• YOUR OBJECTIVE: Please copy the lines below, exactly as they are, from the one with "This unique piece" through the one with "A close up of", and leave out the pictures.

• DATASET EXTRACT:
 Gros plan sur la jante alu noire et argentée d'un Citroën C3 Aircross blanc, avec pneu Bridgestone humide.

==

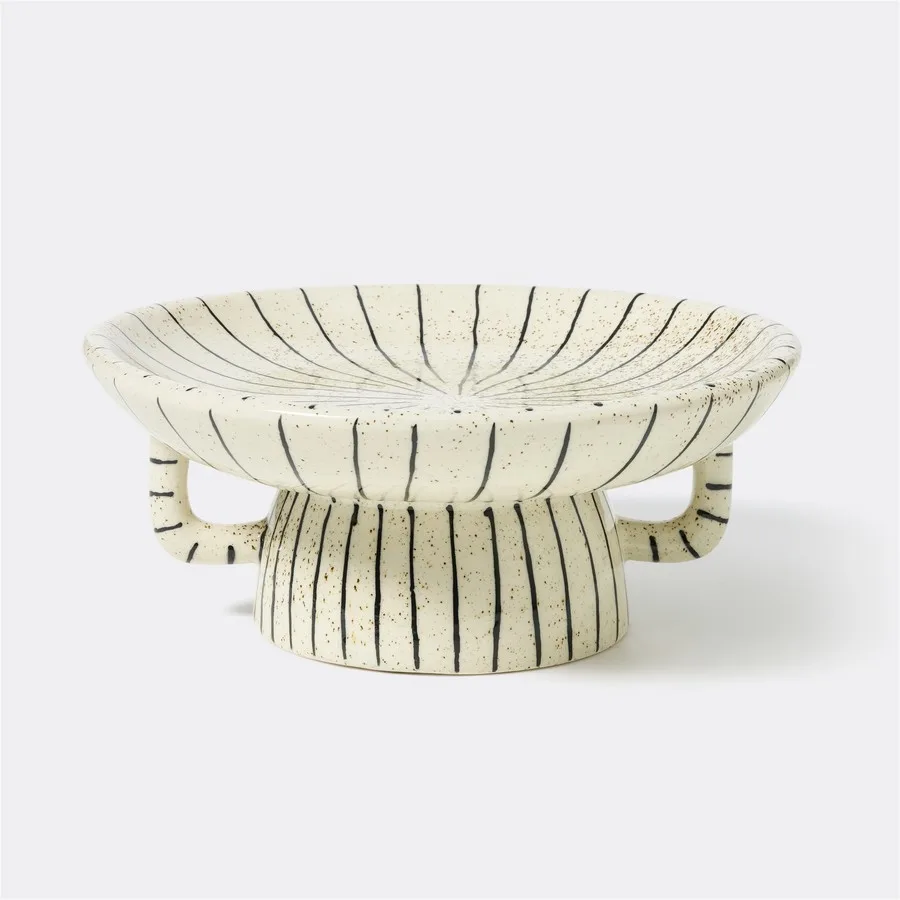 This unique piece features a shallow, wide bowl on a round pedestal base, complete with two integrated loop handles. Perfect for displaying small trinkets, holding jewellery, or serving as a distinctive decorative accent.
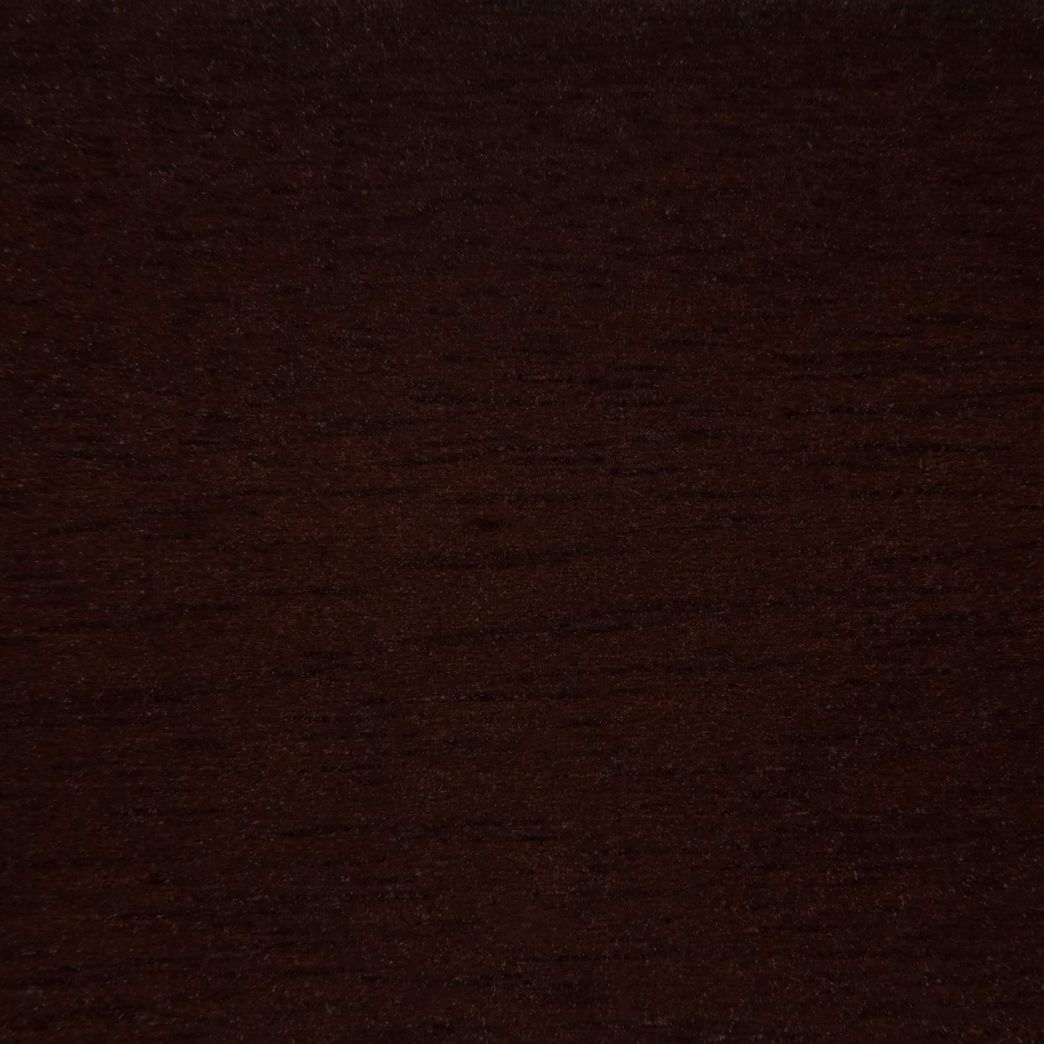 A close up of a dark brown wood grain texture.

• TASK RESULT:
 This unique piece features a shallow, wide bowl on a round pedestal base, complete with two integrated loop handles. Perfect for displaying small trinkets, holding jewellery, or serving as a distinctive decorative accent.
 A close up of a dark brown wood grain texture.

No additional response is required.